=== Section Start ===

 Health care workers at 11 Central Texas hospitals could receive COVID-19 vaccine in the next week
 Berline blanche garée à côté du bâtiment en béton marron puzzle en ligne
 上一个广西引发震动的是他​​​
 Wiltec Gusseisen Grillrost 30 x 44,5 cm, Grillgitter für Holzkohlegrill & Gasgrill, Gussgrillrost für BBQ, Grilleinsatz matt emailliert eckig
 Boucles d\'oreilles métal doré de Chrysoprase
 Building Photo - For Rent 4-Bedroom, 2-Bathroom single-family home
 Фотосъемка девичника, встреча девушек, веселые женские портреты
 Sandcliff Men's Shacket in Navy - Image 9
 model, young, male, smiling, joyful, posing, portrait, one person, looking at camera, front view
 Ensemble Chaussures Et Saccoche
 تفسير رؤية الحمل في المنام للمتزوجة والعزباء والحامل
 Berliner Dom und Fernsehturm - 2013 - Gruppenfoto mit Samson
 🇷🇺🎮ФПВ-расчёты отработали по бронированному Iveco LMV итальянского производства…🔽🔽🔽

=== Section End ===

* **Work to complete**
Copy, word for word, the line that contains "上一个广西引发震动的是他​​​" and every line after it through the end of the records, and nothing else.

* **Output below**
 上一个广西引发震动的是他​​​
 Wiltec Gusseisen Grillrost 30 x 44,5 cm, Grillgitter für Holzkohlegrill & Gasgrill, Gussgrillrost für BBQ, Grilleinsatz matt emailliert eckig
 Boucles d\'oreilles métal doré de Chrysoprase
 Building Photo - For Rent 4-Bedroom, 2-Bathroom single-family home
 Фотосъемка девичника, встреча девушек, веселые женские портреты
 Sandcliff Men's Shacket in Navy - Image 9
 model, young, male, smiling, joyful, posing, portrait, one person, looking at camera, front view
 Ensemble Chaussures Et Saccoche
 تفسير رؤية الحمل في المنام للمتزوجة والعزباء والحامل
 Berliner Dom und Fernsehturm - 2013 - Gruppenfoto mit Samson
 🇷🇺🎮ФПВ-расчёты отработали по бронированному Iveco LMV итальянского производства…🔽🔽🔽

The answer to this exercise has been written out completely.